Anna Mouglalis — Je ne pense pas que le mouvement qui prend forme en France produise les mêmes effets de cohésion qu’aux États-Unis. Le cinéma américain a produit de grands signes qui marquaient une prise de conscience très forte, comme cette cérémonie des Golden Globes [en 2018] où tous les participants étaient vêtus en noir à l’initiative de Time’s Up. Le mouvement a levé 20 millions pour un fonds d’assistance juridique et mobilisé 200 avocats bénévoles. À la suite des accusations de Dylan Farrow, certains acteurs et actrices qui ont joué dans des films de Woody Allen ont reversé leur cachet à Time’s Up. Dans le même moment, le mouvement Ask More of Him, à l’initiative de David Schwimmer, fédérait des acteurs dénonçant le sexisme dans le cinéma. Aux États-Unis, quelque chose d’une responsabilité collective a été entendu et rayonne dans le monde.
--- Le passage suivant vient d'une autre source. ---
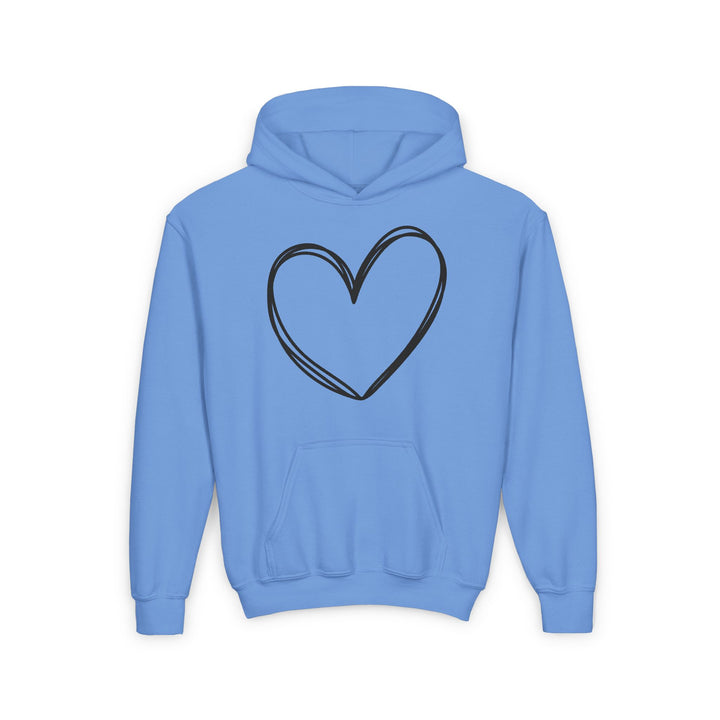 Heart - Youth Heavy Blend Hooded Sweatshirt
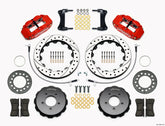 Wilwood Narrow Superlite 6R Front Hat Kit 12.88in Drill Red 2005-Up Mazda Miata w/ Lines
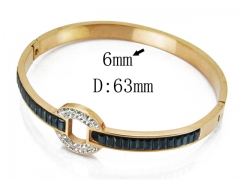 HY Wholesale Stainless Steel 316L Bangle(Crystal)-HY19B0006IHE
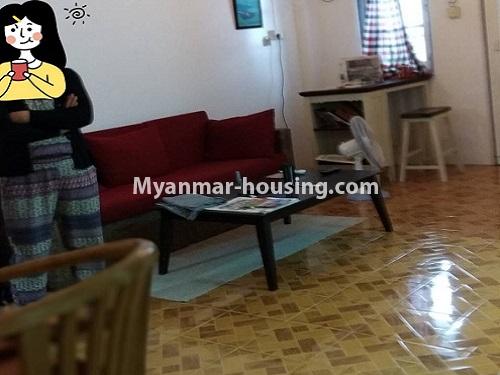 Myanmar real estate - for rent property - No.4120 - A good Apartment for Rent in Bahan. - inside view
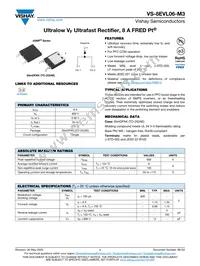 VS-8EVL06-M3/I Datasheet Cover
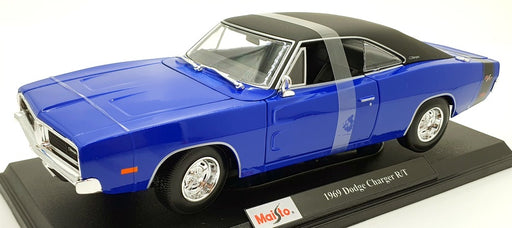 Maisto 1/18 Scale Diecast 46629 - 1969 Dodge Charger R/T - Blue/Black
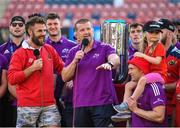 29 May 2023; Head coach Graham Rowntree, centre, during the Munster Rugby homecoming as URC Champions at Thomond Park in Limerick. Photo by David Fitzgerald/Sportsfile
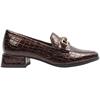MARCO TOZZI 24252 LOAFER SHOE - BROWN PATENT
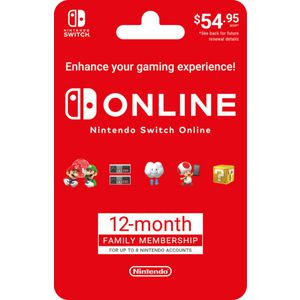 Nintendo Switch Online 12 Month Family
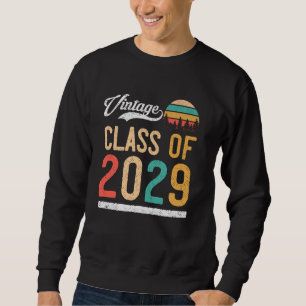 Vintage i 2029 års gymnasium eller högskola lång ärmad tröja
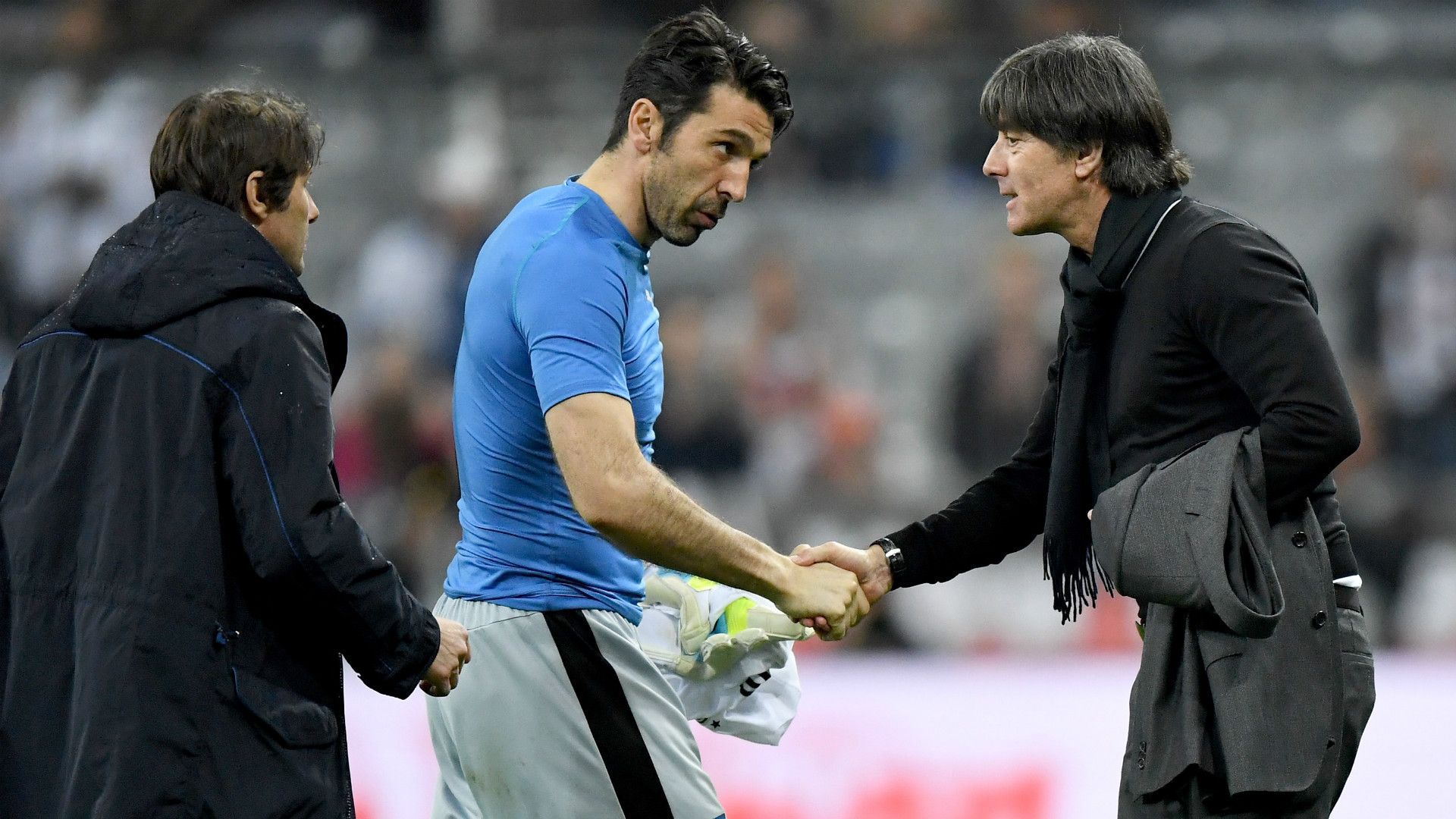 Joachim Löw Gianluigi Buffon Germany Italy Friendly 29032016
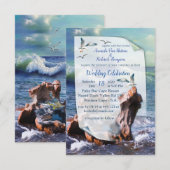 Elementaire waterkrachtuitnodiging RSVP kaartje (Voorkant / Achterkant)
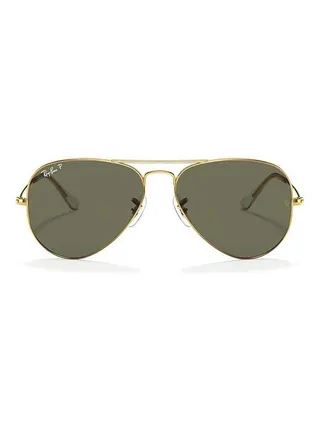 Polarized Aviator Sunglasses - 0RB3025 - Lens Size: 58 mm - Gold 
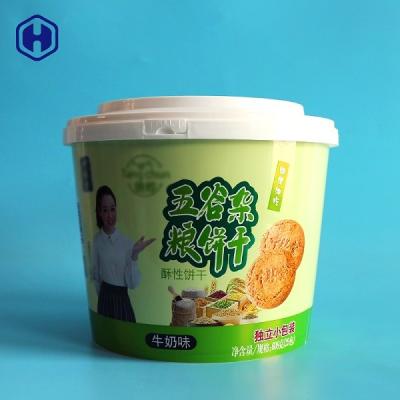 China Commerciële Ronde Plastic Verpakkende Containerssgs Gediplomeerd FDA Te koop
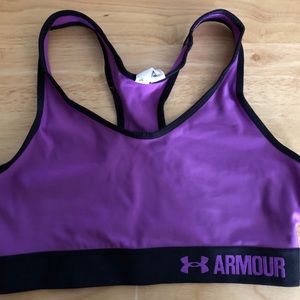 Under Armour Sports Bra (Purple and Black)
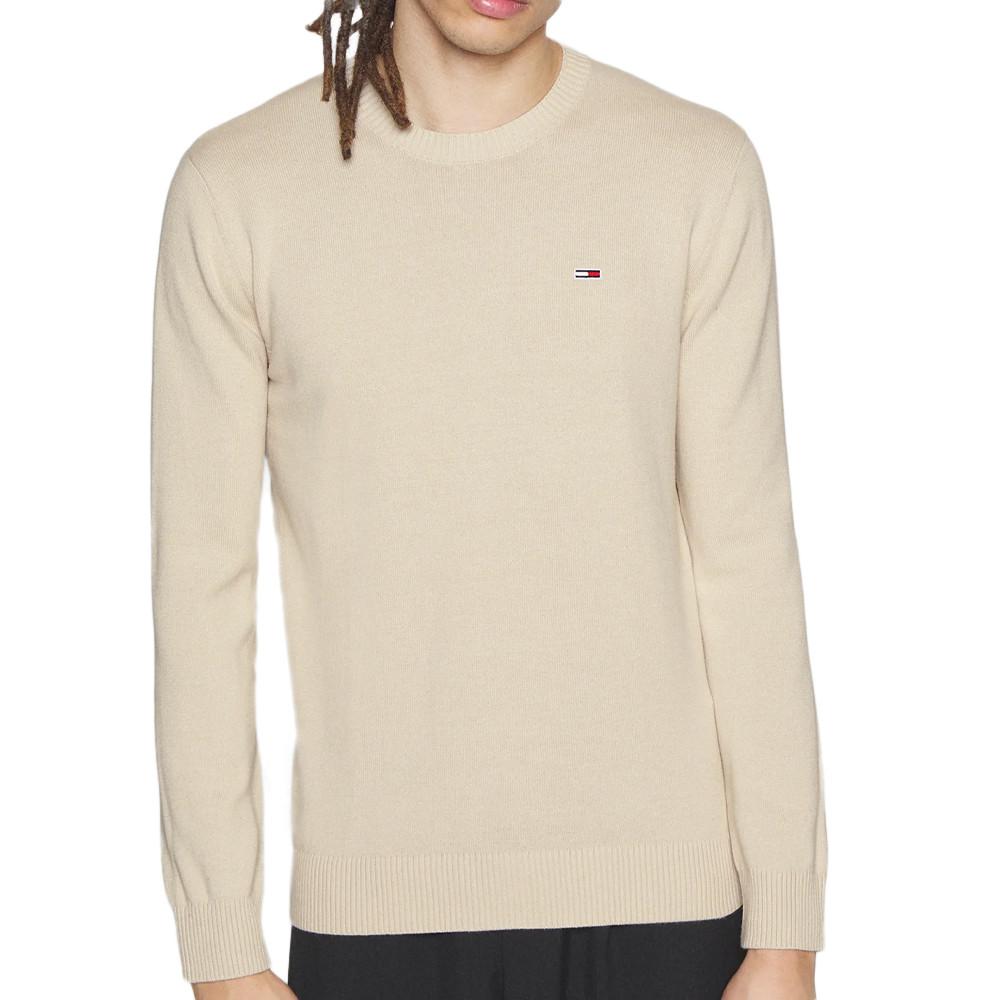 Pull Beige Homme Tommy Hilfiger Essential Light pas cher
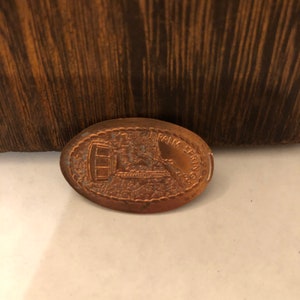 Palm Springs pressed penny pin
En revanche, Woody Allen est venu tourner en France, où Roman Polanski avait déjà trouvé refuge. Johnny Depp a monté les marches du Festival de Cannes pour la cérémonie d’ouverture, tandis qu’on entendait en fond la chanson Douce France de Charles Trenet, ce qui est loin d’être insignifiant… Et Dominique Boutonnat [accusé d’agression sexuelle sur son filleul et en attente de son procès en juin] est non seulement maintenu à son poste de président du CNC, mais en plus promu au conseil d’administration de France Télévisions par Emmanuel Macron.
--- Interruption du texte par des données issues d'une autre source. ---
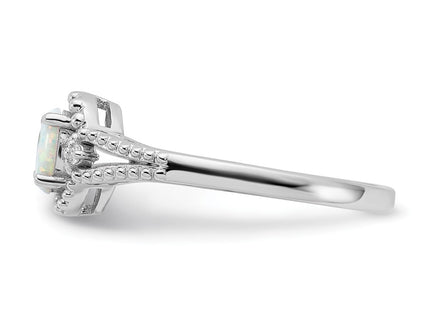 Sterling Silver Rings Style QBR16OCT - Classique Jewelry Inc.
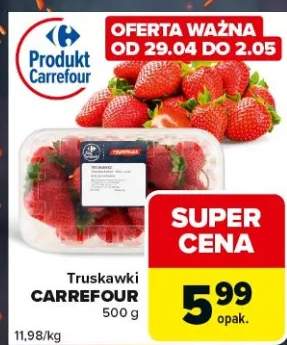 Truskawki Carrefour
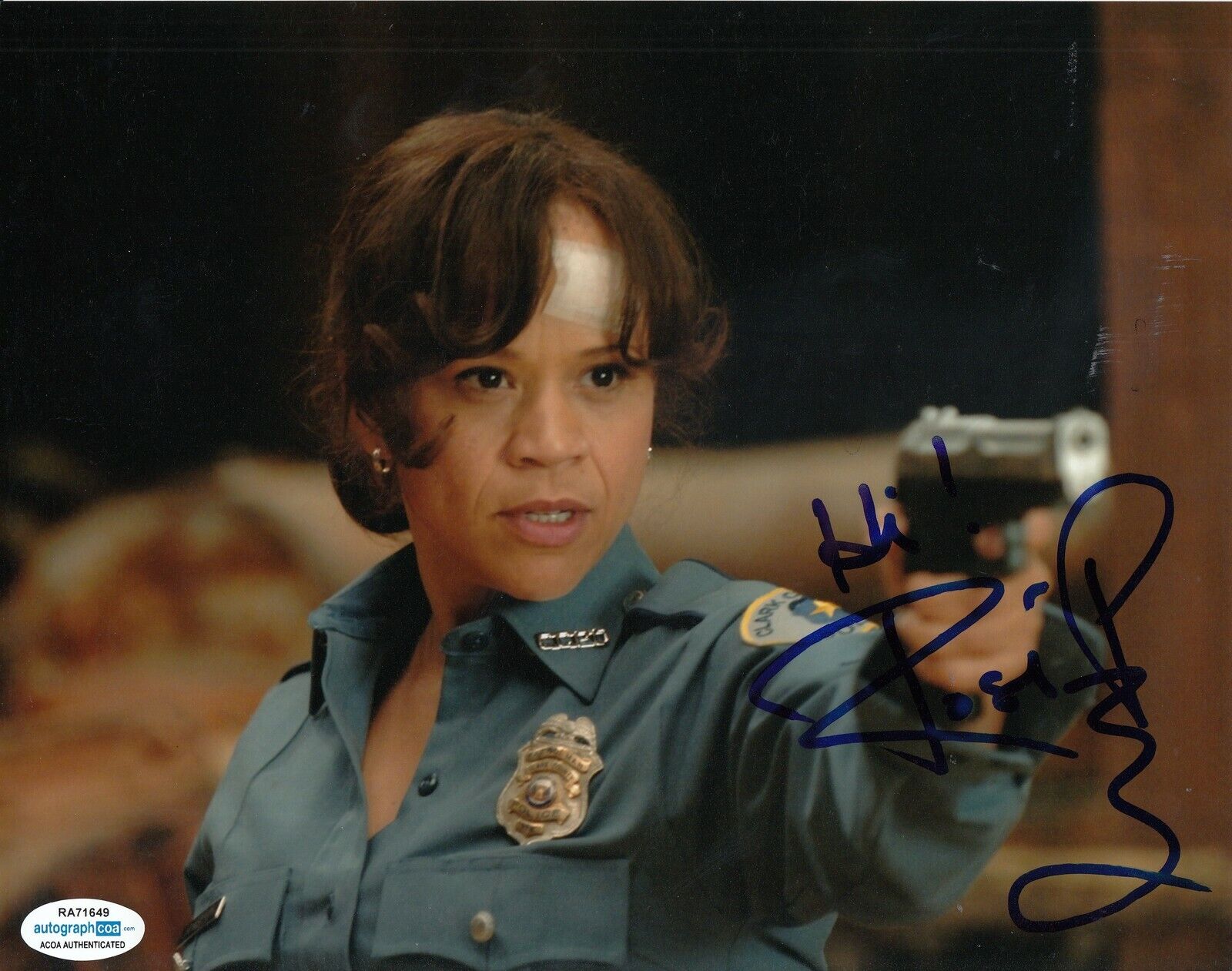 ROSIE PEREZ signed (PINEAPPLE EXPRESS) 8x10 Photo Poster painting *Carol* ACOA Authenticated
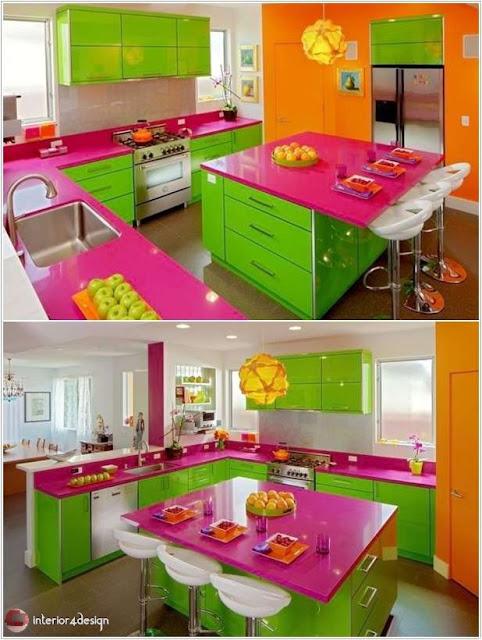 Colorful Kitchen Designs 1
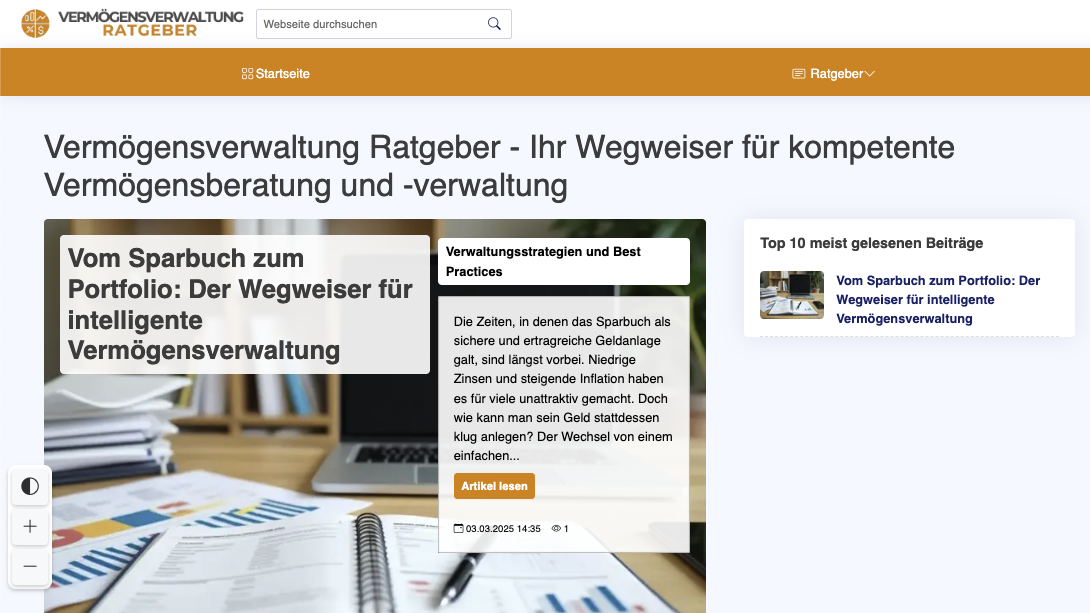 Vermögensverwaltung Ratgeber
Le cinéma français ne connait-il pas néanmoins un tournant, du point de vue de la mise en cause des pratiques d’abus et de violence ?
En effet, au niveau de l’expression et de l’échange d’expériences, de la mise en place de paroles préventives, quelque chose évolue. C’est aussi très bien qu’avec MeTooGarçons, les hommes puissent prendre la parole sur les abus qu’ils ont subis. Mais il faut commencer par acter que les agresseurs sont presque exclusivement des hommes et les victimes, très majoritairement des femmes.

Étiez-vous dans la salle durant la dernière cérémonie des César ?
Non, j’étais à l’extérieur avec divers collectifs féministes et la CGT. Cela me paraissait extrêmement important d’être là et de soutenir la prise de parole de Judith Godrèche face aux professionnels et au public, et qu’elle sache qu’elle n’était pas seule.

“Il y a des facteurs spécifiques au cinéma qui favorisent les scénarios d’emprise”

Pensez-vous que si le cinéma est l’espace le plus visible de la dénonciation des violences sexuelles et sexistes, c’est parce qu’il est un lieu où ces pratiques sont exacerbées ?
Il y a des facteurs spécifiques au cinéma qui favorisent les scénarios d’emprise. Je pense que ce que recherchent les metteurs en scène chez une actrice, c’est souvent une sorte de vulnérabilité charismatique. Cette vulnérabilité est particulièrement palpable quand on a été agressée. Beaucoup d’actrices sont des survivantes. Ce qui est spécifique au cinéma, c’est aussi le spectacle de l’impunité des agresseurs. De ce point de vue, les déclarations d’Emmanuel Macron sur Gérard Depardieu sont ahurissantes.

Malgré tout, les signaux viennent d’un peu partout. Des acteurs et des actrices du dernier film de Jacques Doillon déclarent ne pas souhaiter soutenir la sortie du film [à ce jour reportée sine die]. La Cinémathèque française annule la projection d’une copie restaurée d’un film de Benoît Jacquot. Je ne suis évidemment pas pour qu’on cesse de montrer à jamais les œuvres de cinéastes accusés d’agression, d’autant plus que souvent les œuvres parlent d’elles-mêmes. Mais il faut accompagner leur projection, les circonstancier, ne pas faire comme s’il ne se passait rien et retomber dans le déni.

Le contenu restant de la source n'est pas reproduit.